Turkey’s Disaster and Emergency Management Agency (AFAD) has put the death toll of powerful earthquakes that hit Turkey earlier this month at more than 42,000, Turkish Minute reported.
A magnitude 7.8 earthquake that struck near the Turkish city of Gaziantep — home to around 2 million people and on the border with Syria — as people were sleeping on Feb. 6 was followed by dozens of aftershocks, including a magnitude 7.5 temblor that jolted the region in the middle of search and rescue efforts the same day.
AFAD said a total of 42,310 people died in Kahramanmaraş, Gaziantep, Şanlıurfa, Diyarbakır, Adana, Adıyaman, Osmaniye, Hatay, Kilis, Malatya and Elazığ provinces in the earthquakes.

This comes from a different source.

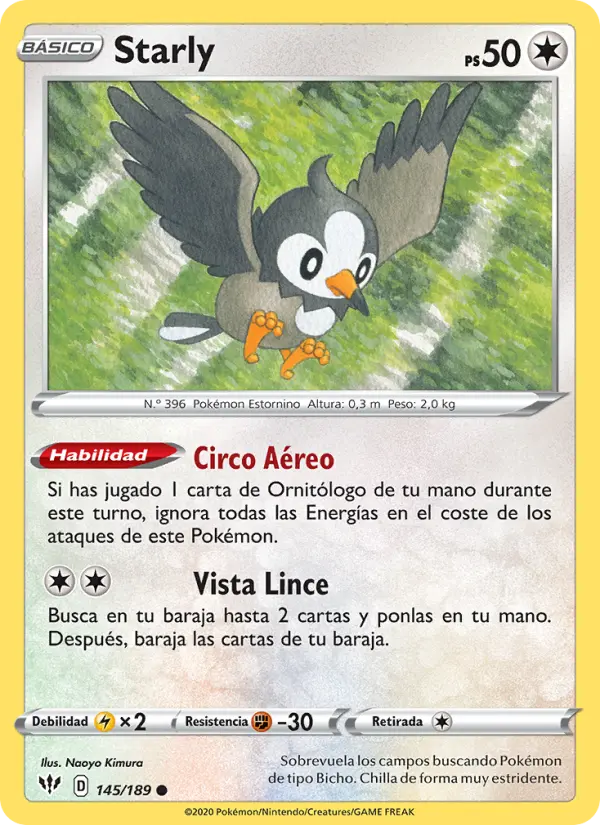 Starly #145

The agency also said 448,018 people have been evacuated from the earthquake zone.
The earthquakes also demolished buildings in northwest Syria and killed more than 4,500 people there.

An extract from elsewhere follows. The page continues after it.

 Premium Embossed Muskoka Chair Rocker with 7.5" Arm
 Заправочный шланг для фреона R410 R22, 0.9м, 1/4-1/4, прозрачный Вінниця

The death toll is expected to rise in the coming days as new bodies are discovered during the removal of rubble of flattened buildings.
Hatay was also hit by two other earthquakes on Monday evening, registering 6.4. and 5.8, which claimed the lives of six more people who died when previously damaged buildings collapsed.
More than 17,000 people died when a magnitude 7.4 earthquake struck Turkey’s Marmara region in 1999.
Before the Feb. 6 earthquake, another quake, with a magnitude of 7.8, that hit the eastern province of Erzincan in 1939 was the deadliest temblor in Turkey’s modern history, leading to the death of more than 33,000 people.